Гай не отдавал письменного распоряжения, но, можно сказать, между ними была безмолвная договоренность, что Гертруда, по крайней мере, составит промежуточное завещание в пользу Уильяма, Неда и Розалинды Опеншоу. Гертруда, у которой не было близких родственников, всегда относилась к семье Гая как к собственной. Теперь, однако, она чувствовала, что они не только не близки ей, но даже неприятны. Гай, украшение этого семейства, был мертв, а они продолжали жить.
— Ты можешь снова выйти замуж, — сказала Анна.
— Никогда! И спасибо, дорогая, что не подпускала их ко мне. Без тебя они съели бы меня живьем. — Гертруда имела в виду les cousins et les tantes. Анна стояла на страже, охраняя от них Гертруду. Они все были недовольны.
— Они любят тебя.
— Да-да, конечно…
— Как бы то ни было, я рада, что ты изучаешь урду.
В свое время они установили распорядок дел. По утрам расходились заниматься языками: Гертруда сидела в маленькой гостиной, Анна — у себя в спальне. Гертруда учила урду. Анна совершенствовала свой древнегреческий. Не столько монастырская привычка, сколько характер не позволял ей бездельничать. Она, по крайней, мере могла попытаться приобрести профессию. Гертруда тоже была не расположена к праздности, правда, она не обладала таким же упорством и вскоре забросила учебники. Анна увидела в подруге беспокойную, растерянную вдову средних лет. Вся ее прежняя жизнь была в муже. Теперь, не имея ни детей, ни занятия, она утратила путь. Но разве Анна тоже не утратила его? Был однажды Тот, кто сказал ей: «Я есмь Путь».[77]
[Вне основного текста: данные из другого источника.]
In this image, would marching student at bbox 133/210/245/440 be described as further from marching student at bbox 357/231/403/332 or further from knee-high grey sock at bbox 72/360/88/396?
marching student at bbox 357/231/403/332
Перед ланчем они спускались к морю, потом пили шерри, сидя под боярышником, если хотя бы немного проглядывало солнце. Анна никогда не училась готовить и сейчас дала ясно понять, что не собирается учиться, так что ланчем занималась Гертруда. (Готовила она посредственно, а национальные блюда — и вовсе не умела, не то что другие еврейские женщины. Джанет Опеншоу славилась своей gefilte fisch.[78]) После ланча они занимались домашними делами, а потом обычно шли прогуляться вдоль берега или к полям, шагая по узким извилистым тропинкам между каменных стен, где росли лиловые и белые фиалки, и любовались изгибами дальних прозрачно-зеленых холмов, усеянных белыми точками овец, и безостановочно бегущими тенями облаков. Неподалеку от дома была маленькая ферма, но до ближайшей деревни — два часа приятной прогулки. Деревенская лавка закрывалась вечером в один час с открытием деревенского паба, так что, отправляясь в лавку, Анна и Гертруда могли получить удовольствие от местного сидра, прежде чем возвращаться домой к обеду и чтению у зажженной лампы. Анна читала «Эдинбургскую темницу».[79] Читала очень медленно, вдумчиво. Гертруда — «Разум и чувство».[80] Она читала с грустным спокойным чувством возврата в другие времена своей жизни, к забытым уже радостям. В свое время, до появления Анны, она забросила романы. (Гай предпочитал книги по философии и истории. Для развлечения же читал биографии знаменитостей.) Анна читала с неубывающим изумлением. Что за необыкновенная форма искусства — эта литература, обо всем рассказывает! Сколько в ней всего познавательного, увлекательного, нравоучительного, сколько чувства! Иногда они с Гертрудой спорили о прочитанном. (Их мнения о Джейни Динс[81] разошлись.) Ложились они рано.
— Эй, эй, белый лебедь.
— Не могу ничего сказать, — ответила Анна. Гертруда спрашивала ее об этом белом лебеде Гая. Что это значит? Анна не знала.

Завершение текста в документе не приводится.